Da sich ello nicht selber erklärt bin ich die Features durchgegangen, die ich bei App.net verwende und habe ello gefragt:
- Antwortmöglichkeit auf Posts? - Wird kommen.
- Threads? - Werden kommen.
- Hashtags? - Werden kommen.
- Suche? - Wird kommen.
- Zugang auf die API für andere Entwickler? - Haben sie noch nicht entschieden.
- RSS-Feeds für ello-Posts? - Vielleicht irgendwann.
- Importmöglichkeiten für RSS-Feeds? - Vielleicht irgendwann. (In Verbindung mit formatierten Posts und Threads halte ich den Import von Content aus bestimmten Quellen - lastfm für geplante Konzerte, IMDB für bewertete Filme für durchaus sinnvoll, um Diskussionen zu starten.)

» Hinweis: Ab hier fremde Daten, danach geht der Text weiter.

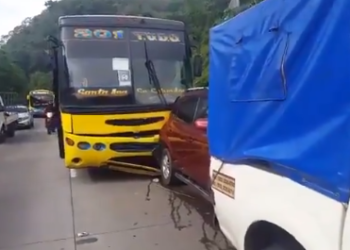 Se reporta múltiple accidente en carretera Los Chorros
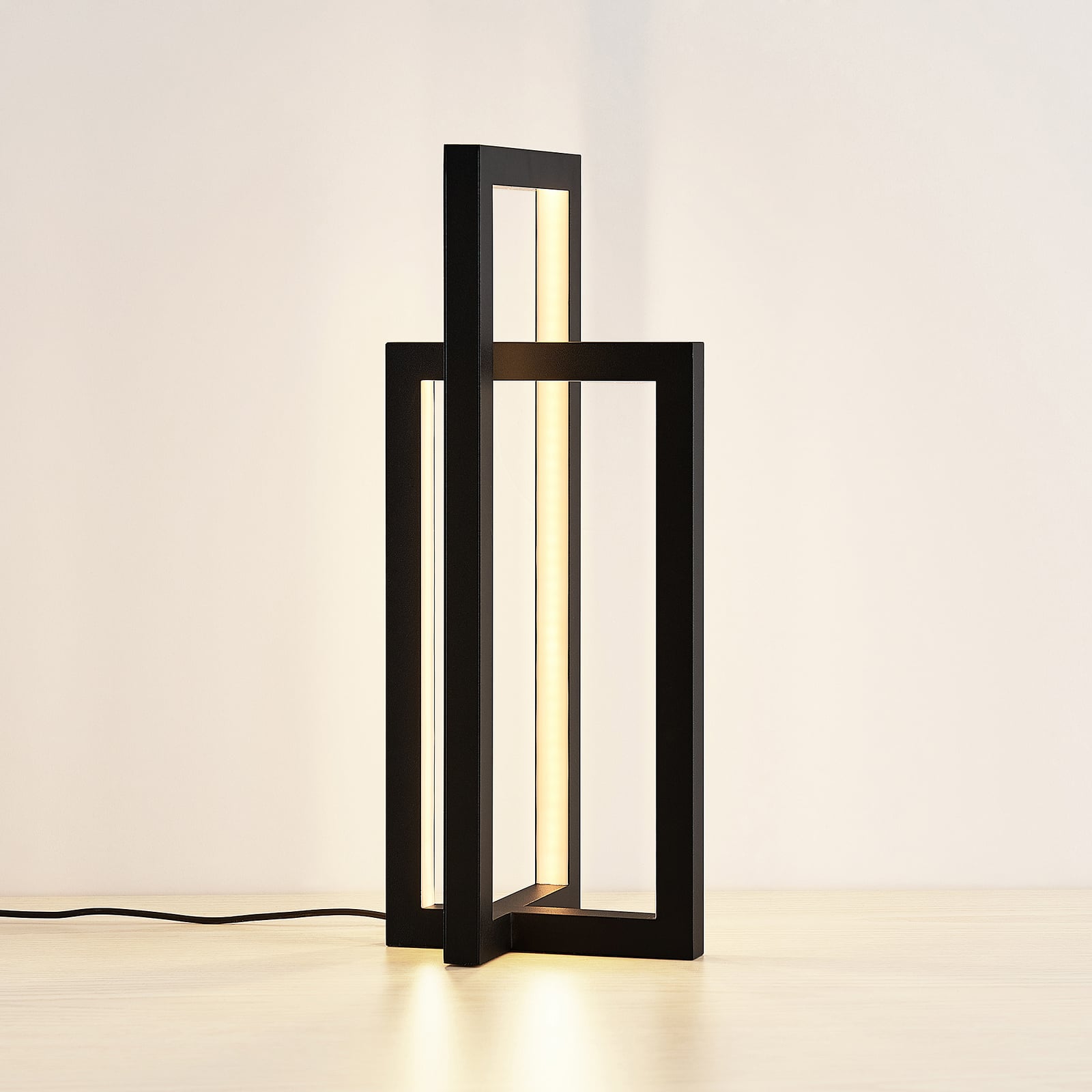 LED bordlampe Hylda dimbar svart aluminium detalj av bryter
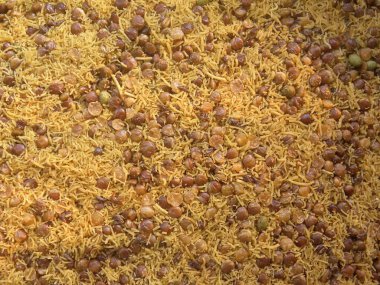 Sarı ve kahverengi renkte yağda kızartılmış dalmoth sev Hint baharatlı aperatifi Masoor dalından yapılmıştır.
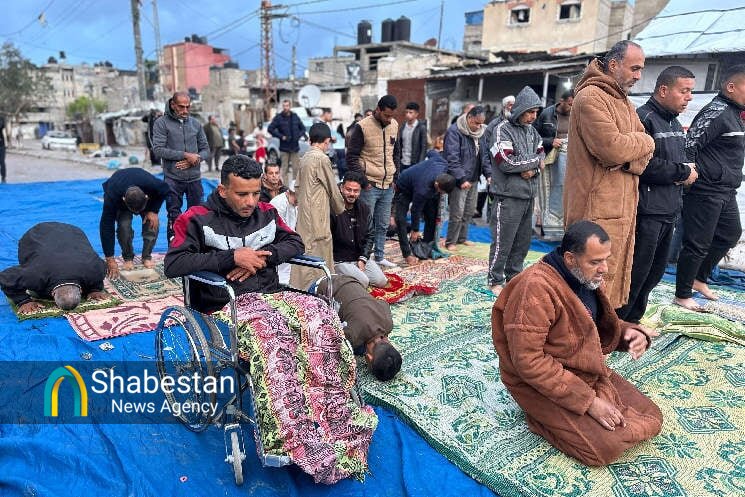 اقامه نماز عید فطر روی ویرانه های مساجد غزه+ عکس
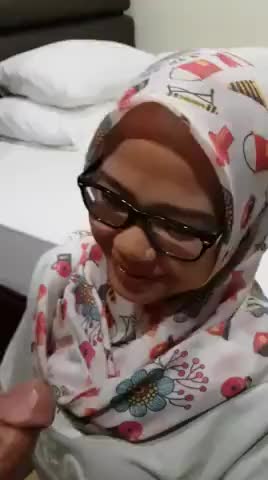still my fav tudung facial. she so cute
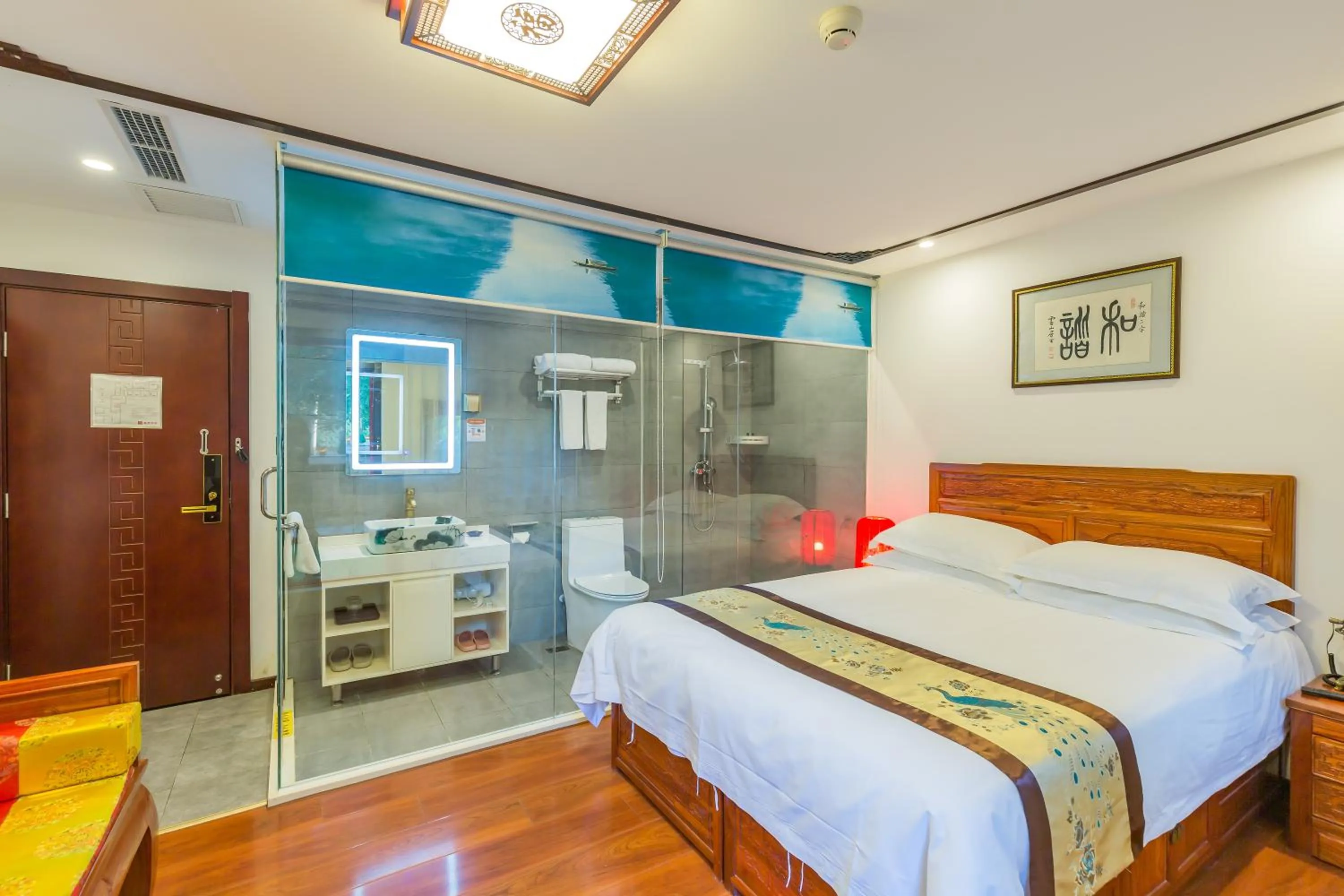 Bed in Qinfu Hotel Beijing Nanluogu Lane Houhai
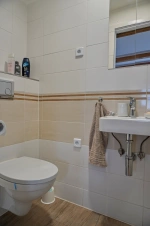 samostatný apartmán - koupelna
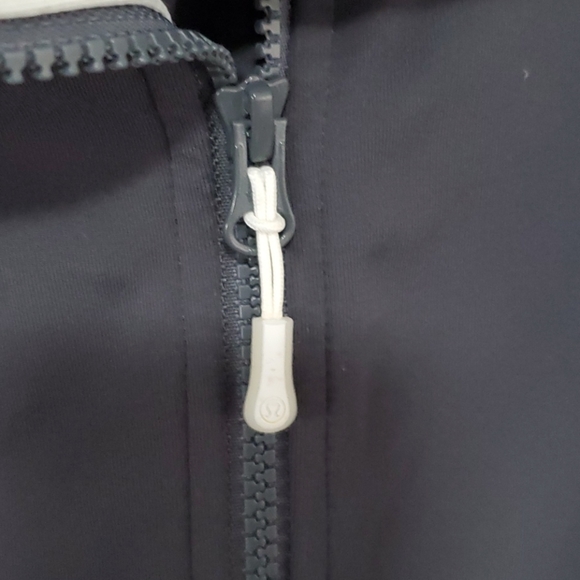 LULULEMON Principal Crop Jacket - Picture 3 of 11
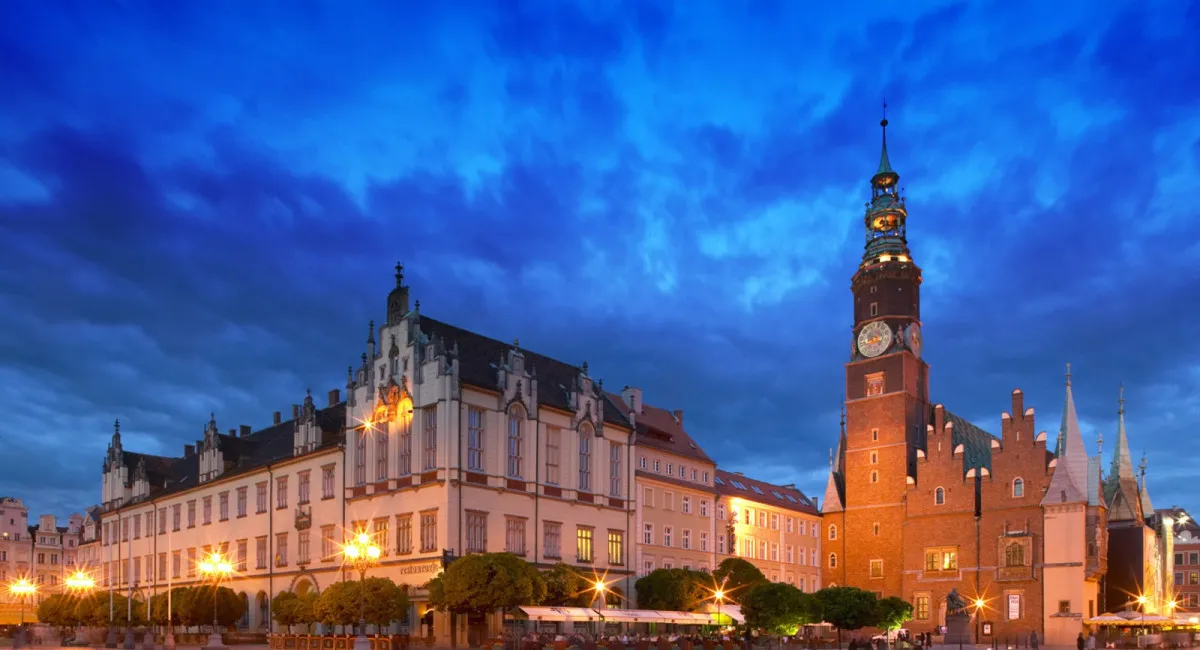 Українці під час війни активно скуповують квартири у Польщі — за готівку і в кредит - today.ua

Was ergibt das insgesamt? Eine geschlossene Umgebung mit vermutlich wenig oder keinen Spam-Problemen, langen, formatierten Posts, Threads. Ein Web-Forum mit Timeline-Ansicht.
App.Net war dagegen ein Framework für Social Networks. Ich konnte dank simpler Schnittstellen wie RSS alles mit allem verbinden und Entwickler konnten beliebige Apps bauen. Mit den obigen Entscheidungen wäre ello ein System, welches geschlossener als Twitter ist, zentral aufgebaut und aus dem man seine Daten nicht entnehmen kann. Abgesehen von den netten Formatierungsmöglichkeiten eine Kombination schlechter Dinge. Das ello-Manifest passt somit eher zu App.net als zu ello:
We believe a social network can be a tool for empowerment. Not a tool to deceive, coerce, and manipulate — but a place to connect, create, and celebrate life.
Wie finanziert sich ello?
Das Finanzierungsmodell von ello basiert auf Prinzip Hoffnung:
You never have to pay anything, and you can keep using Ello forever, for free. By choosing to buy a feature now and then for a very small amount of money you support our work and help us make Ello better and better.
Bestimmte Features wird es gegen Geld geben. Wir wissen alle, wie das deutlich planbarere Geschäftsmodell bei App.net geendet ist. Mir ist bewusst, dass ein kleines Social Network mit wenigen Funktionen in einer Nische existieren kann, wenn es als Hobby in der Freizeit weiter entwickelt wird und nicht genug User hat, um viel Geld zu kosten. Sehr zukunftssicher wirkt es auf mich damit aber nicht, zumal hier keine Open Source-Community daran schraubt.
Fazit?
Ein geschlossenes System mit fadenscheinigem Finanzierungsmodell und keiner Idee, wo das Produkt platziert werden soll? #sigh
Aber ich bin ja in solchen Dinge immer ein wenig konservativ. Häufig umarme ich neue Dienste nach anfänglicher Skepsis und nutze sie intensiv. Die Zeit wird zeigen, ob auch ello diesen Weg gehen wird.